In RF we call it standing waves. In audio, it is the same thing, just
different dimensions, speed and frequency.
Now you say there is a difference in level settings. By chance have you
actually measured the audio power output of the sidetone and are the
sidetone from the two the exact same frequency? Are you using the same
speakers or headphones on each radio.
As Jim, K9YC says "and I don't know the answer." I consider him and
Joe W4TV to be resident authorities on audio and K3 radios.
73
Bob, K4TAX
On 11/13/2024 8:03 PM, elecraft-request at mailman.qth.net wrote:
> Message: 12
> Date: Fri, 8 Nov 2024 23:39:56 -0800
> From: Jim Brown<jim at audiosystemsgroup.com>
> To:elecraft at mailman.qth.net
> Subject: Re: [Elecraft] K3 sidetone level
> Message-ID:
> <42c75ce2-c327-40ca-a00b-79476daf4991 at audiosystemsgroup.com>
> Content-Type: text/plain; charset=UTF-8; format=flowed
>
> On 11/8/2024 8:36 PM, Chris wrote:
>> For some unknown reason, the sidetone level in my K3 doesn't sound right to
>> me. As some of you already know, I have two K3. The CW sidetone on one at
>> 60 generates the same volume as the other at 25.
> I've been running K3s since 2007, and I don't know the answer. It MIGHT
> be related to the speakers or phones you're listening on, or it could be
> that you're hearing a difference between the AF and RF gain settings and
> whether the preamp is on or off, and on rigs with the newer preamp
> that's in the XVTR module. If on SSB, could be difference in mics. Mic
> gain settings could be different.
>
> BUT -- the numeric values you see change with most controls are
> meaningless.

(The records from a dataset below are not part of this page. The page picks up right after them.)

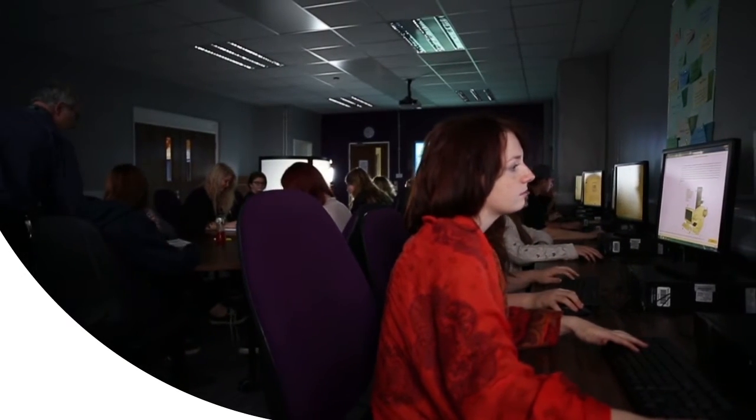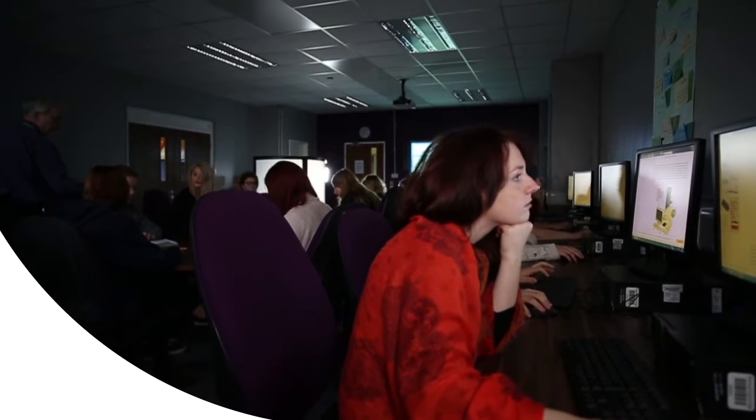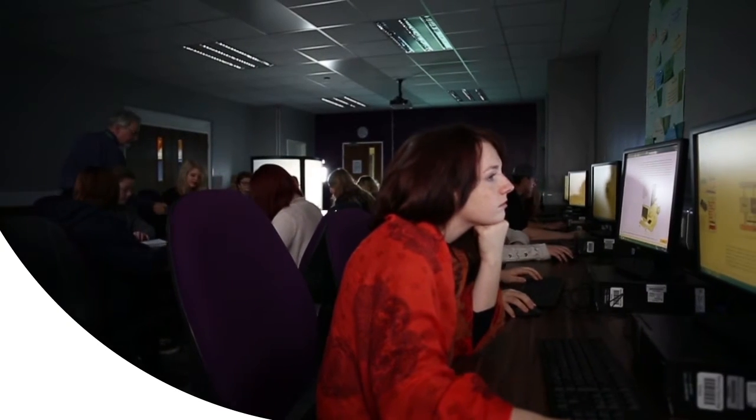We learn about coding and web developing and programming. It's very involved with all the coding like Python and it teaches you specifically about them all.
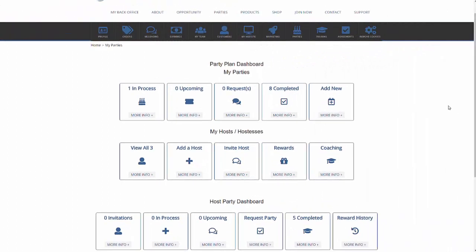Hi, this is Robert Proctor with Multisoft Corporation. Today's training video is on how to add a new party as a distributor.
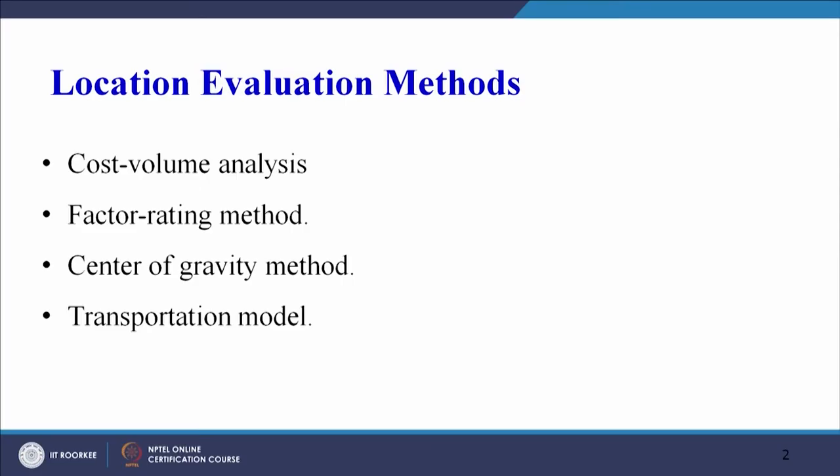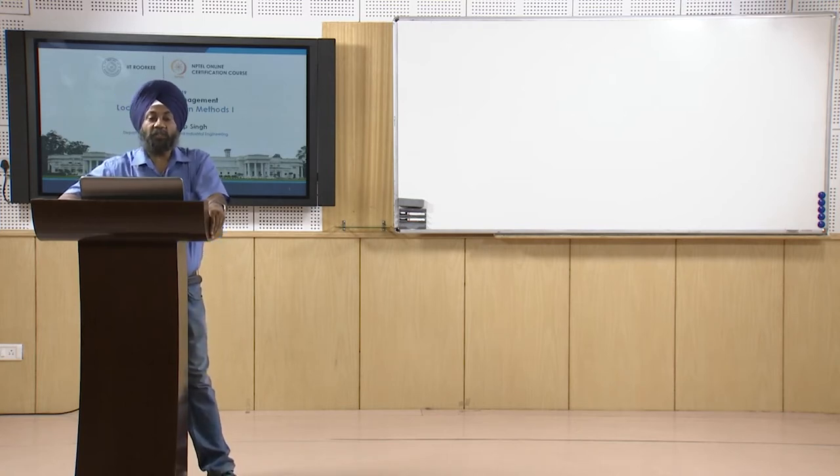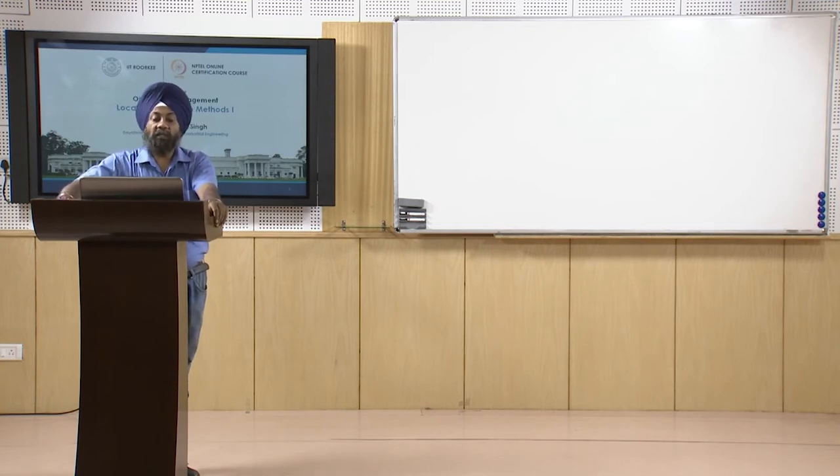On your screen you can see four different methods listed: cost-volume analysis, factor rating method, center of gravity method, and transportation models — which are usually taught in operations research. We will look at these methods, solve a problem or two, and see what data is required, what output we derive, and how these methods help us identify a location. In today's session we will cover the first two: cost-volume analysis and the factor rating method.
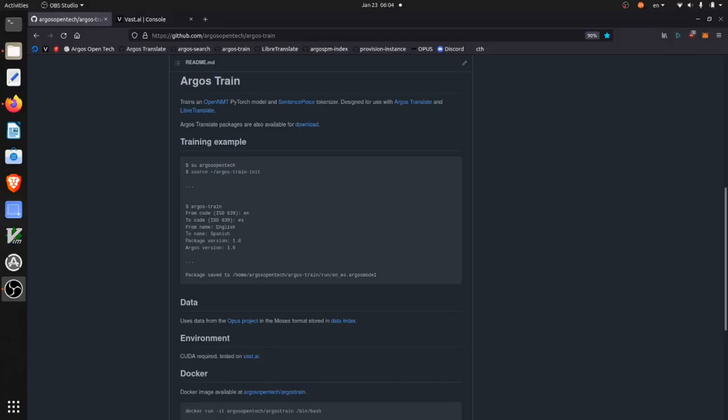Hello. In this video, we're going to be training an OpenNMT model using Argos Train.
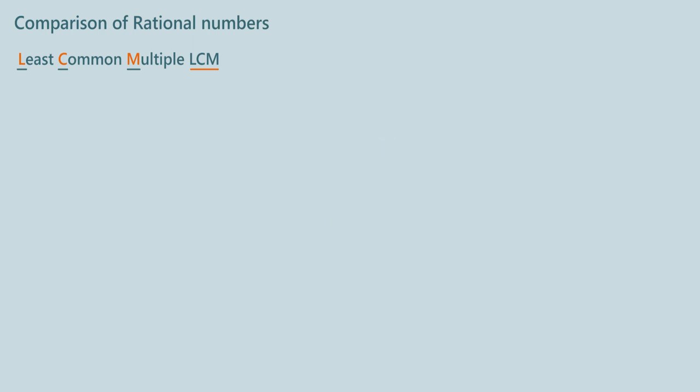How will you compare 2 by 4 and 4 by 6? We will solve it using the same way by finding LCM of 4 and 6. The LCM of 4 and 6 is 12.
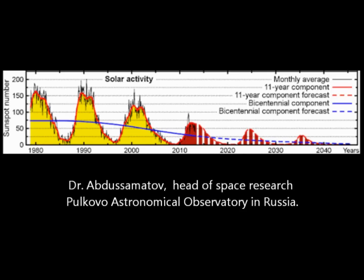David Archibald predicts in solar cycle 24 and 25 we're going to drop about one and a half degrees Celsius and we will enter some sort of Dalton minimum cooling by 2020. That's only five years away.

The numeric value of compression, of mic gain, line gain,
> of VOX, Anti-VOX, the many ways in which AGC can be varied, are all
> examples of numeric values that are meaningless.
>
> Numeric values that DO directly reflect what we're adjusting are TXEQ,
> RXEQ (dB boost or cut), POWER (in watts) that are telling the radio to
> transmit (to the extent that it's properly calibrated), anything with
> frequency, voltage, current, the relative dB voltmeter tied to received
> signal level. The S-meter IS calibrated to voltage at the antenna terminal.
>
> I've many times described how to set up TXEQ and COMP for best sounding
> audio for communications and "talk power." I'll repeat it. First, set up
> TXEQ: turn the first three bands (50, 100, and 200 Hz) all the way down.
> Turn the fourth band (400 Hz) down by 6 dB. set the top two bands for
> 3-6 dB boost. Turn COMP all the way down. Next, set mic gain per the
> manual. Now, start turning COMP up until the on-screen meter shows about
> 10 dB of gain reduction on voice peaks as you transmit.
>
> We've accomplished two important things here. First, we've killed all of
> the voice frequencies below about 400 Hz, which do NOTHING useful for
> speech intelligibility, but burn about 3dB of transmitter power. Second,
> the COMP (compression) function turns down the gain on voice peaks,
> making the quieter parts of our speech 10dB louder. 3dB is double the
> transmitter power, 10 dB is 10X the transmitter power. So we have made
> turned our 100W radio into the equivalent of a 2kW radio! or our 5W
> radio into a 100W radio.
>
> There's one other step in this. Get another experienced ham with good
> radio ears to listen to you with the filters in his radio set fairly
> wide (like the normal 2.7 kHz bandwidth that is pretty much the standard
> of ham SSB transmission). The settings I've given above are the starting
> point for most good mics (and I don't mean expensive) for ham rigs, but
> some sound a bit different from others. And not all voices are the same.
> Some voices have lots more lows, and with these, we may need to turn 400
> Hz down more than 6dB. Remember -- we're going for talk power, whether
> we're DXing, contesting, or ragchewing with QSB.
>
> What I'm saying about speech intelligibility was learned in the earliest
> days of telephony by engineers at AT&T Bell Labs, which until about
> 1980, when the company was broken up because it was a monopoly, was the
> most important engineering organization on the planet for the prior 100
> years! The transistor was one of their later creations! They discovered,
> published, and patented most of what we know about electronics, audio,
> radio, transmission lines, and how we understand speech. They invented
> and patented the best of the two systems for stereo in 1936.